During my undergraduate studies I wo rked as a Resident Advisor in a freshman dorm to help pay for school. My campus was rather unusual in that all of the dorms were still same-sex since the school was private and relatively conservative. At the beginning of the year I would sit down with the girls and go over dorm rules and answer any questions they might have. Many of these girls were away from home for the first time and welcomed the help. Each year, I would learn that many, if not most, of the freshman girls were virgins. One by one these girls came to me, after only a few months at college, wrestling with the desire of their new college boyfriends to be physical with them. One by one I counseled them to wait to have sex. Unfortunately, by the end of first semester, nearly all of them had become sexually active and were now nursing broken hearts, unplanned pregnancies or STDs, and were left with the question of how to cope with dating experiences gone awry. By the end of second semester these boyfriends had already broken up with the girls whose virginity they had taken and were pursuing other girls. Even as I look back, I am amazed at what I advised them since I was, at that time, actively dating and certainly had not been taught any rules about proper courtship.
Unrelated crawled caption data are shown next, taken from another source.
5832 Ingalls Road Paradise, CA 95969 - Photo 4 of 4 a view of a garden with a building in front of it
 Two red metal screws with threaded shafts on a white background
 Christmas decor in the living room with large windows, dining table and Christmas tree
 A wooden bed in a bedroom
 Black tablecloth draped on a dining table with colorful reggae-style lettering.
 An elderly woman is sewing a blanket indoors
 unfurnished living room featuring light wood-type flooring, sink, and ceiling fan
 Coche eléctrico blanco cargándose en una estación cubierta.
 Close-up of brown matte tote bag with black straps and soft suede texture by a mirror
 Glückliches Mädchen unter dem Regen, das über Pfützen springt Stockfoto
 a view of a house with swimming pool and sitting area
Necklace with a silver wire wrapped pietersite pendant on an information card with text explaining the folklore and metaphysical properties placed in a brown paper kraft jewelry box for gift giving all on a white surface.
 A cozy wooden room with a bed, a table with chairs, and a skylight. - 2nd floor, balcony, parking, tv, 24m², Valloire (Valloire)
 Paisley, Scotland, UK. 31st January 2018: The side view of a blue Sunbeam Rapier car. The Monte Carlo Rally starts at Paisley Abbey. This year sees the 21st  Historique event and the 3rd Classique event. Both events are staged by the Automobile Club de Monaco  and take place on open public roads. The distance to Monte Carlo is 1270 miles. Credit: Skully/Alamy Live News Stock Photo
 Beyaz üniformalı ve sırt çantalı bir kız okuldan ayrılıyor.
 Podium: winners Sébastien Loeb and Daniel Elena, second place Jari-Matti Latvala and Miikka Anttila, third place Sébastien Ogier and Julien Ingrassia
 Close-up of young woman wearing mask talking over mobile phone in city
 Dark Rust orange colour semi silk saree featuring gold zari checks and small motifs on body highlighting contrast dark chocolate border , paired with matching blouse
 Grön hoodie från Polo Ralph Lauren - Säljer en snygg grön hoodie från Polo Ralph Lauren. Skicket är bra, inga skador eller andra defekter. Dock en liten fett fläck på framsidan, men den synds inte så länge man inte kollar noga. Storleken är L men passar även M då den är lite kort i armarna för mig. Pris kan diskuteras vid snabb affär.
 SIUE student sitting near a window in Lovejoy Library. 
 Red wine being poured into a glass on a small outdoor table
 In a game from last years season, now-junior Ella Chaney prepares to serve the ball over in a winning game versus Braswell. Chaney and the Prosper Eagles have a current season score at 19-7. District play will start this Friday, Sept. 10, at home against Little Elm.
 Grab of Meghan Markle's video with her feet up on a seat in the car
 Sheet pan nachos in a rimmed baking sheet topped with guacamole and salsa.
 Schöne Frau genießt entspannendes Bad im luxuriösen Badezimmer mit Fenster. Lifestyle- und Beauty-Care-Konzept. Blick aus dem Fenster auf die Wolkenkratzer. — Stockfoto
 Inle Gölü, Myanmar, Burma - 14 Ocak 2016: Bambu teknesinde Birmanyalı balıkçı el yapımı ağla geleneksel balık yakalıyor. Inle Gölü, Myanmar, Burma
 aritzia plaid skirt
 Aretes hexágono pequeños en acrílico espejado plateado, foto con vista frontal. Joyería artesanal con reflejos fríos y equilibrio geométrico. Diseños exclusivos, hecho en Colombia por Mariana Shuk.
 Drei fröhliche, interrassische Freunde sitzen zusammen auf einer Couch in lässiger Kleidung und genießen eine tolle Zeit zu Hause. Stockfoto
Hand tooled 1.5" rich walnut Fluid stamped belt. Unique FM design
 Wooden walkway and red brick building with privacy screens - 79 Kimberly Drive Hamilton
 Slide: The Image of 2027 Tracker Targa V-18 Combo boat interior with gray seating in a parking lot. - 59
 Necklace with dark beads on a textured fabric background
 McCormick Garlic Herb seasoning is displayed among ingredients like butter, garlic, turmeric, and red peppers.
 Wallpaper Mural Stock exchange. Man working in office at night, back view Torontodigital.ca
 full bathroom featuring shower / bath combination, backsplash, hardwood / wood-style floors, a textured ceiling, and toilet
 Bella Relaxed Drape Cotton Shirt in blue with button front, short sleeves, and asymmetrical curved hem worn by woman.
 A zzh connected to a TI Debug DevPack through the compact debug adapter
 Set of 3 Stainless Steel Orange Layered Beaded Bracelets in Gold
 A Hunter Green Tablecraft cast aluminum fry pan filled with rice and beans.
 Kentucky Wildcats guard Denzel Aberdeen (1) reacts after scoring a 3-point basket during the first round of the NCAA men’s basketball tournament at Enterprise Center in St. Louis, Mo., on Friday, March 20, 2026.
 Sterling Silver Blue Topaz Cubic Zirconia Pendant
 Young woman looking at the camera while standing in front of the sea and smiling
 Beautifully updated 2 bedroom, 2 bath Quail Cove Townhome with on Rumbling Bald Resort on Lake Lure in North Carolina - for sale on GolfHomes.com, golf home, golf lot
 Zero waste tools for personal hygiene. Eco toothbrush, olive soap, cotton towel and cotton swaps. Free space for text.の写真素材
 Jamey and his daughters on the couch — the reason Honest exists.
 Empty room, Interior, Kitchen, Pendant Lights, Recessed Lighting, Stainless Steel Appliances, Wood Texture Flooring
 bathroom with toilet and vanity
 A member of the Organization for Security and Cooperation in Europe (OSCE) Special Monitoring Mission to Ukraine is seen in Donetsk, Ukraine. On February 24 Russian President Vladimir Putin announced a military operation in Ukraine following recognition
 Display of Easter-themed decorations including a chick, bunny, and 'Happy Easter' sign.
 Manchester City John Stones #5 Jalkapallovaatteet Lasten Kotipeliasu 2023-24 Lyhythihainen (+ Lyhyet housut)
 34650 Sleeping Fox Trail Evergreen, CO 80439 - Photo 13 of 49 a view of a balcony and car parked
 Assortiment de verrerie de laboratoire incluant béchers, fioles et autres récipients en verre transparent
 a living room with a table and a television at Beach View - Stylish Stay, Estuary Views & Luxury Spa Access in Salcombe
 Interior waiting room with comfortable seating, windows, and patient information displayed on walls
My own dating experiences started out innocent enough. I began in high school around aged 14. I remember feeling uncomfortable left to make my own decisions about whom I would and would not date. I was asked out by a senior during my freshman year, and timidly turned him down feeling like I was making a major social blunder. I recall one date when the guy didn’t want to take me home right after the movie, which ended in a minor physical struggle before he finally agreed. My dating experiences in college were less traumatic, at first. But after a while, the lack of parental protection, and seeing so many of my peers going hog wild with their new sexual freedom, I grew rather cynical and began treating men worse than they treated me. My self-esteem plummeted. Finally, at aged 23 I decided to call it quits.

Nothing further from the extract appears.